HCM II Acquisition Corp. (Nasdaq: HONDU) (the “Company”), announced today the closing of its previously announced initial public offering of 23,000,000 units, including 3,000,000 units issued pursuant to the full exercise of the underwriter of its over-allotment option. The units were sold at a price of $10.00 per unit. The Company’s units began trading on August 16, 2024, on the Nasdaq Global Market under the symbol “HONDU”. Each unit consists of one Class A ordinary share and one-half of one redeemable warrant. Each whole warrant is exercisable to purchase one Class A ordinary share of the Company at a price of $11.50 per share. Only whole warrants are exercisable and will trade.

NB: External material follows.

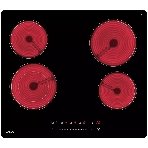 Электрическая варочная поверхность Candy CHXC64TDB, 4 конфорки, с зоной расширения, стеклокерамика, 5900 Вт, фото2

Once the securities comprising the units begin separate trading, the Class A ordinary shares and warrants are expected to be listed on the Nasdaq Global Market under the ticker symbols “HOND” and “HONDW,” respectively.

Cantor Fitzgerald & Co. acted as sole bookrunner for the offering.

A registration statement relating to the securities was filed with, and declared effective by, the Securities and Exchange Commission (“SEC”) on August 15, 2024. The public offering is being made only by means of a prospectus. Copies of the prospectus relating to the offering may be obtained from: Cantor Fitzgerald & Co., Attention Capital Markets, 499 Park Avenue, New York, NY 10022, or by e-mail at prospectus@cantor.com.

This press release shall not constitute an offer to sell or the solicitation of an offer to buy, nor shall there be any sale of these securities in any state or jurisdiction in which such offer, solicitation or sale would be unlawful prior to registration or qualification under the securities laws of any such state or jurisdiction.

About HCM II Acquisition Corp.

HCM II Acquisition Corp. is a blank check company formed for the purpose of effecting a merger, amalgamation, share exchange, asset acquisition, share purchase, reorganization or similar business combination with one or more businesses. The Company may pursue an initial business combination target in any business or industry or at any stage of its corporate evolution. Its primary focus, however, will be in completing a business combination with an established business of scale poised for continued growth, led by a highly regarded management team.

The Company’s management team is led by Shawn Matthews, its Chairman of the Board and Chief Executive Officer, and Steven Bischoff, its President and Chief Financial Officer. The Company’s Board of Directors includes Andrew Brenner, Michael J. Connor and Jacob Loveless.

FORWARD-LOOKING STATEMENTS

This press release contains statements that constitute “forward-looking statements,” including with respect to the proposed initial public offering and search for an initial business combination. No assurance can be given that the offering discussed above will be completed on the terms described, or at all.

Forward-looking statements are subject to numerous conditions, many of which are beyond the control of the Company, including those set forth in the Risk Factors section of the Company’s registration statement and prospectus for the Company’s initial public offering filed with the SEC. Copies of these documents are available on the SEC’s website, www.sec.gov. The Company undertakes no obligation to update these statements for revisions or changes after the date of this release, except as required by law.